Executive Director Center for Indonesia Taxation Analysis, Yustinus Prastowo menilai, jika hitungan divestasi 51% dihitung dengan skema fair market value, maka akan penghitungan berdasarkan besaran aset dan cadangan di masa mendatang.

Artinya, jika Freeport Indonesia izin operasinya diperpanjang sampai 2041, maka nilai cadangan sampai tahun itulah yang akan dihitung.
Ia bilang, jika dihitung sampai tahun 2041 maka valuasi 100% saham Freeport Indonesia mencapai US$ 15 miliar atau sekitar Rp 210 triliun. "Kalau 51% itu sekitar Rp 105 triliun," ungkapnya kepada KONTAN, Rabu (30/8).
Nah, berbeda dengan hitungan menggunakan skema replacement cost, maka hitungannya hanya sampai tahun 2021 yaitu senilai US$ 5,9 miliar atau setara Rp 78 triliun. Dengan hitungan ini, nilai divestasi saham 51% hanya mencapai Rp 40 triliun.
Oleh sebab itu, Yustinus bilang bahwa holding BUMN pertambangan akan sulit membeli saham divestasi saham 51% karena total aset yang dimiliki dari empat BUMN menjadi holding Pertambangan hanya Rp 87 triliun.
"Yang sanggup sebenarnya BUMN perbankan. Tapi kan BUMN perbankan dilarang melakukan investasi langsung," tandasnya.
Sementara Deputi Bidang Usaha Pertambangan, Industri Strategis dan Media Kementerian BUMN Fajar Harry Sampurno menyatakan bahwa holding BUMN pertambangan siap mengambil alih divestasi 51% saham Freeport. "BUMN holding siap," ujar dia kepada KONTAN, Rabu (30/8).
Namun sayangnya sampai berita ini diturunkan, selaku kepala holding BUMN pertambangan, Direktur Utama PT Indonesia Asahan Alumunium (Inalum), Winardi belum menjawab pertanyaan KONTAN perihal kesiapan BUMN holdingpertambangan untuk mengambil alih divestasi 51% saham Freeport.
Direktur Centre for Indonesian Resources Strategic Studies (Cirrus), Budi Santoso menambahkan, bahwa skema fair market value untuk menghitung divestasi saham Freeport itu dihitung berdasarkan revenue (pendapatan perusahaan) dan itu pasti didasarkan pada dan memasukan cadangan mineral sampai tahun 2041.
"Ini melanggar Undang-Undang Minerba. Karena dalam UU dinyatakan mineral adalah kekayaan negara dan baru bisa menjadi milik penambang setelah kewajiban kepada pemerintah dipenuhi yaitu royalti dan pajak," tandasnya.

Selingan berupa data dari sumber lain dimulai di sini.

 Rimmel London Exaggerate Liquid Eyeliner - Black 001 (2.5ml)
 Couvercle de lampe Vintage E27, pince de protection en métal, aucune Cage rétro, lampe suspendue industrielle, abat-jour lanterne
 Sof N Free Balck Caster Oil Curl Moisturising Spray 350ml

Saham freeport Anjlok 5 Persen
Saham Freeport-McMoRan Inc di bursa New York sempat tersungkur 5,7% pada perdagangan Selasa (29/8), setelah perusahaan tambang dan emas ini mengatakan, telah mencapai kesepahaman dengan pemerintah Indonesia yang selama ini diwarnai sengketa perebutan tambang.
Freeport yang berkantor pusat di Phoenix sempat menyentuh US$ 14,46 per saham setelah mengatakan, pemerintah Indonesia sudah mengizinkan perusahaan tambang dan emas ini beroperasi di Indonesia sampai 2041.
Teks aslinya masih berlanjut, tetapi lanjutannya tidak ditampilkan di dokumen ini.